A pesar de que no pasará a la historia como cantante, sino como un grandísimo poeta, innovador musical e icono social, merece la pena analizar la calidad vocal de Lou Reed.
No destacó por su voz.  No ejecutaba ningún truco de circo, su registro era grave y algo limitado, y no se prodigó en interpretar composiciones de otros autores. Sin embargo, su peculiar estilo, hablado, callejero,  por ejemplo en ‘Vicious’ aparentemente poco melódico, es perfectamente musical y afinado cuando lo necesita.

A nivel rítmico tenía un sentido estético excelente, sabiendo como cantar con ‘groove’, tirando “p’atrás”,  con un estilo que recuerda desde los tiempos de The Velvet Underground al habla callejera afroamericana, como en “I’m waiting for my man”.
Además, tenía recursos como el vibrato que muestra en ‘Perfect Day’, que revelan un buen apoyo y respiración.
Su rango, limitado a su voz hablada y algo menos a su registro medio, es manejado con astucia y maestría, componiendo su propio material acorde a sus capacidades.

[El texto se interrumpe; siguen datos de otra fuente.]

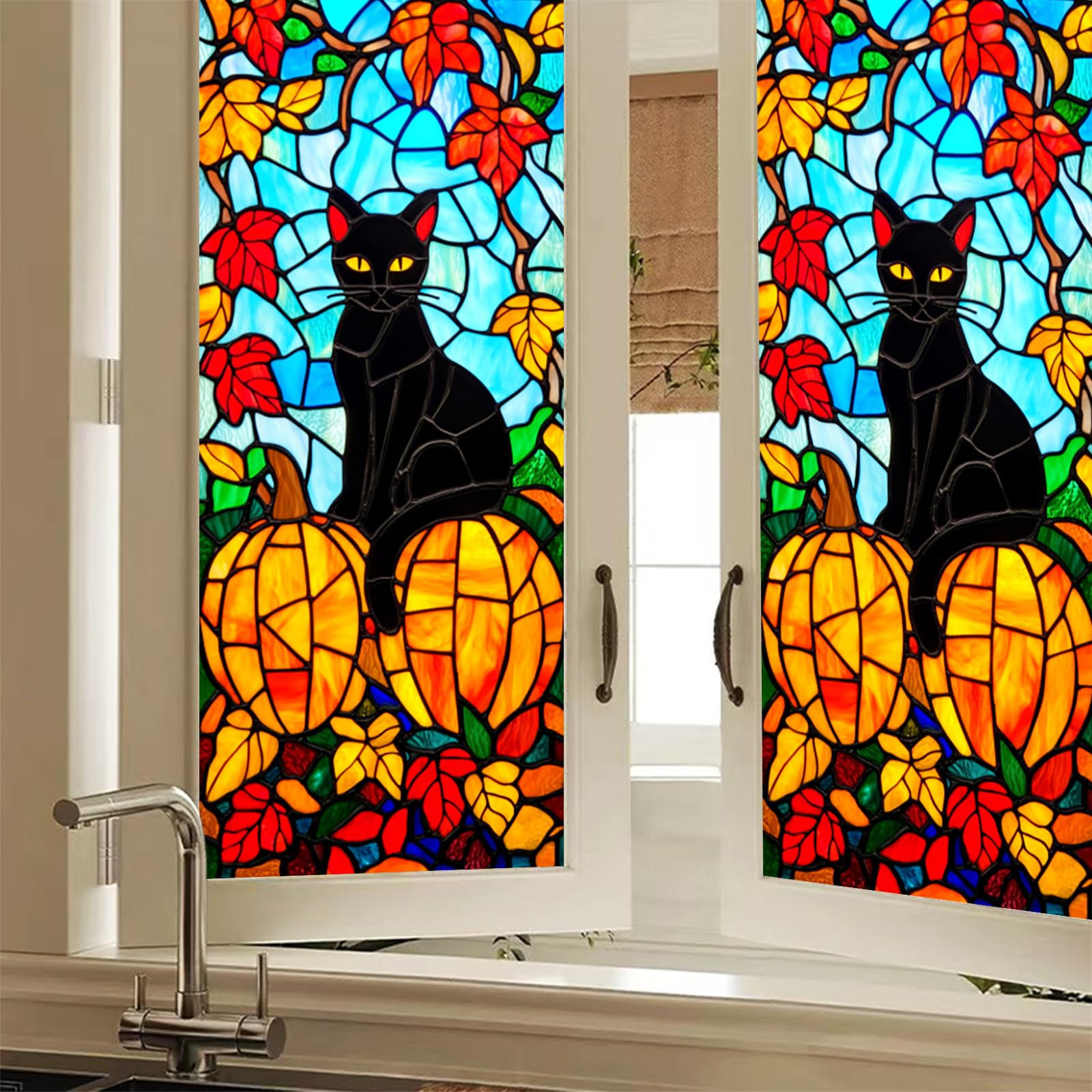 Hometitute Colorful#1 Stained Glass Window Film 17.7 X 39.3 Inch Black Cat Pumpkin Privacy Window Film Stained Decals Static Cling Halloween Fall Decor For Home Windows Doors Glass Partitions 17.7X39.3 Inch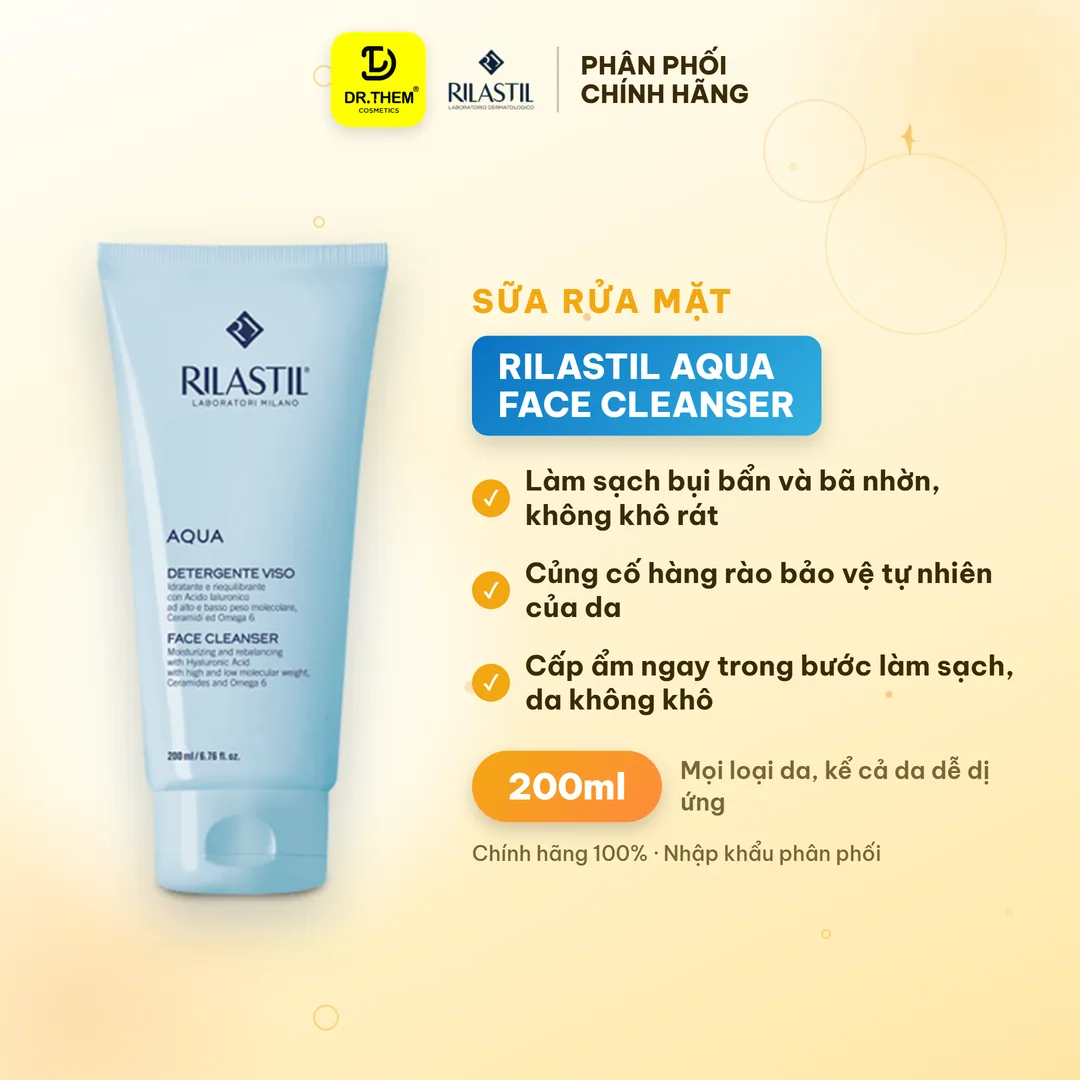 Sữa Rửa Mặt Dưỡng Ẩm Rilastil Aqua Face Cleanser Làm Sạch Dịu Nhẹ Bổ Sung Ceramide Cho Da Nhạy Cảm 200ml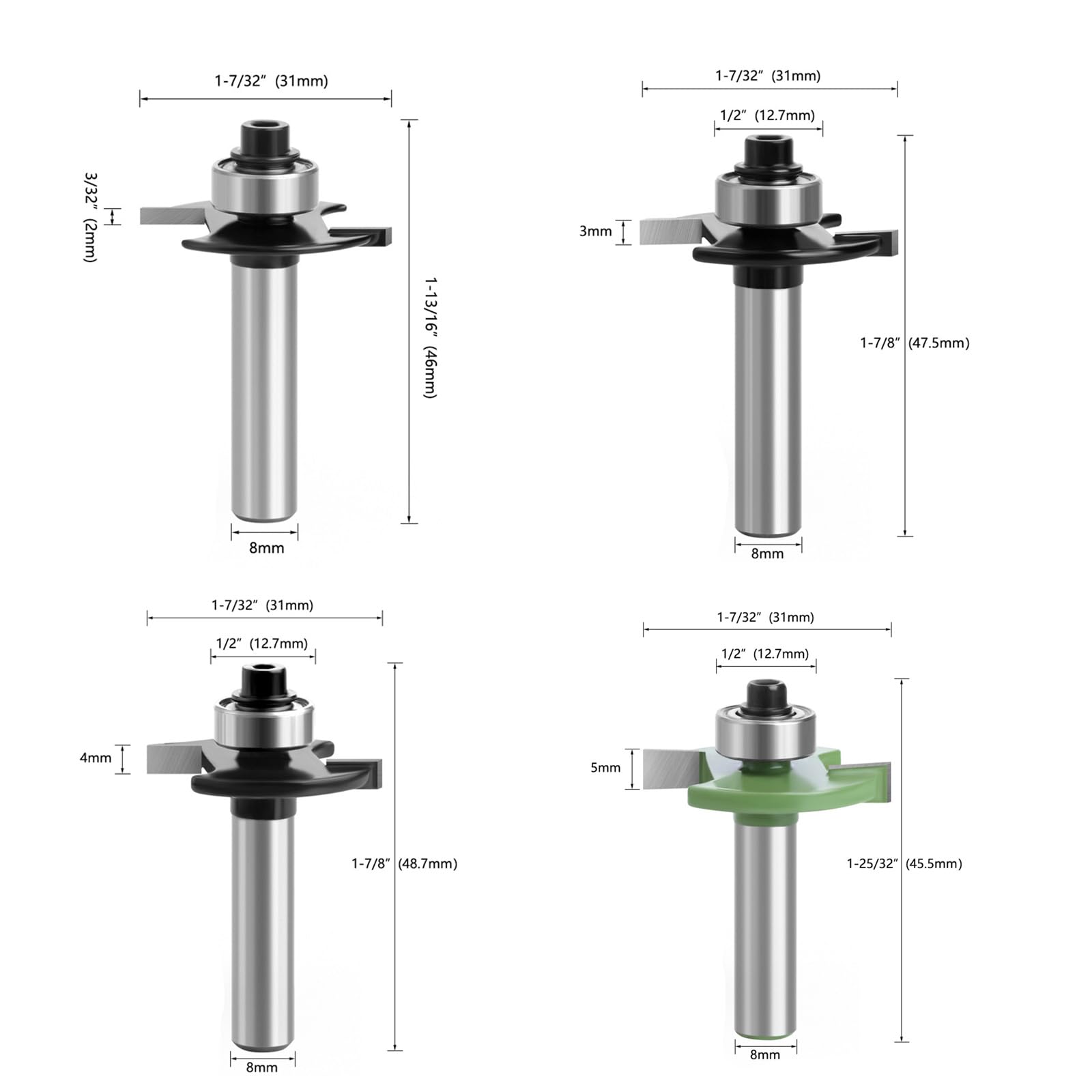 Kit de fraises à rainurer pour défonceuse, fraise à disque pour défonceuse, fraise à affleurer pour le travail du bois, 8 mm Shank 4 pièces 2 mm, 3 mm, 4 mm, 5 mm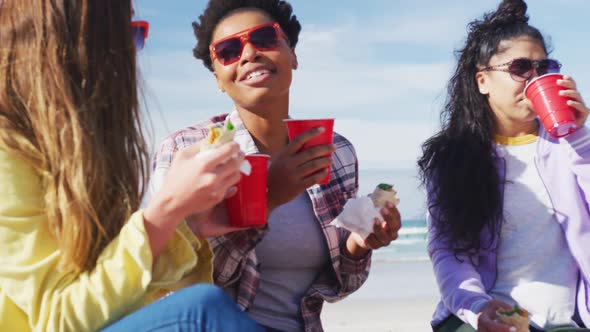 Happy group of diverse female friends having fun, having picnic at the beach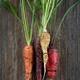 Organic heirloom carrots in a variety of colors artistic still life on... (thumbnail)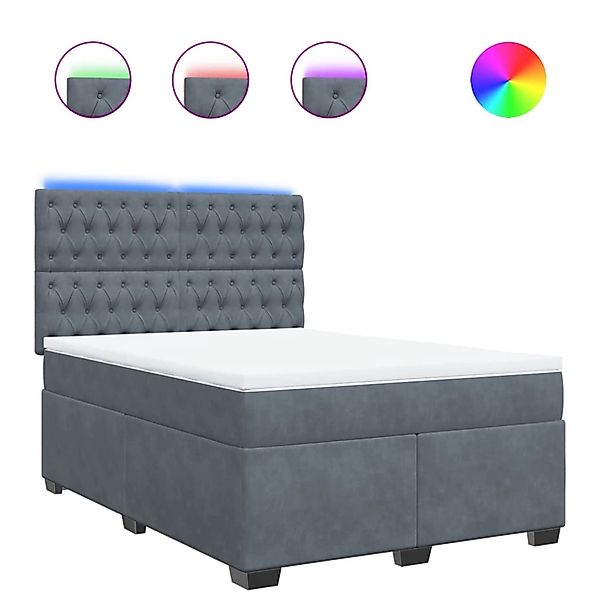 vidaXL Boxspringbett mit Matratze Dunkelgrau 140x190 cm Samt 3293213 günstig online kaufen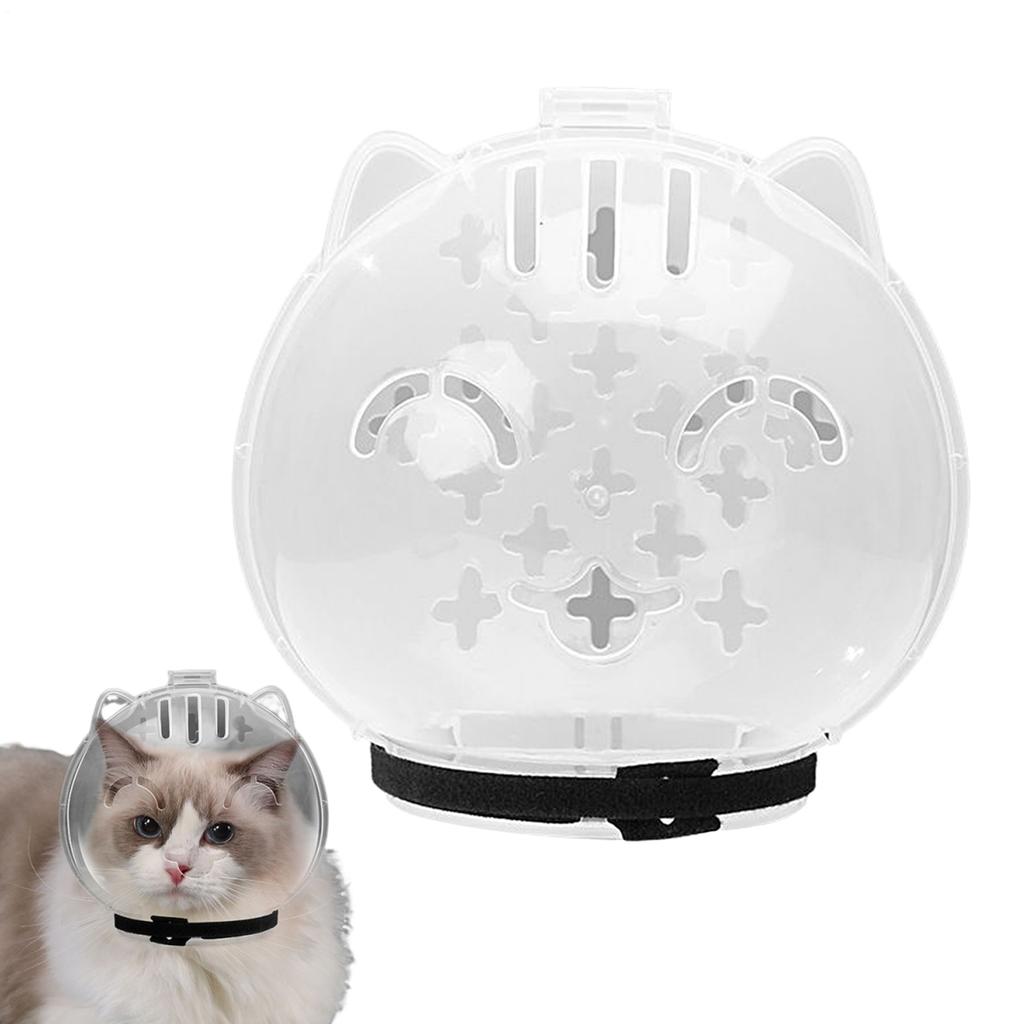 Cat Helmet For Grooming Transparent Head Cover Adjustable Kitten Astronaut Helmet Shaving Pet Tools Guard Muzzle Chewing For Cat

Su enorme dimensión como artista eclipsó su mejor cualidad como cantante: Aprovecharse de sus limitaciones y convertirlas en su inimitable huella dactilar sonora. Tener sólo tres notas, pero llegar a ser un virtuoso.
Así que por el regalo de su talento, que seguiremos recibiendo en el futuro cada vez que le escuchemos: Gracias Lou!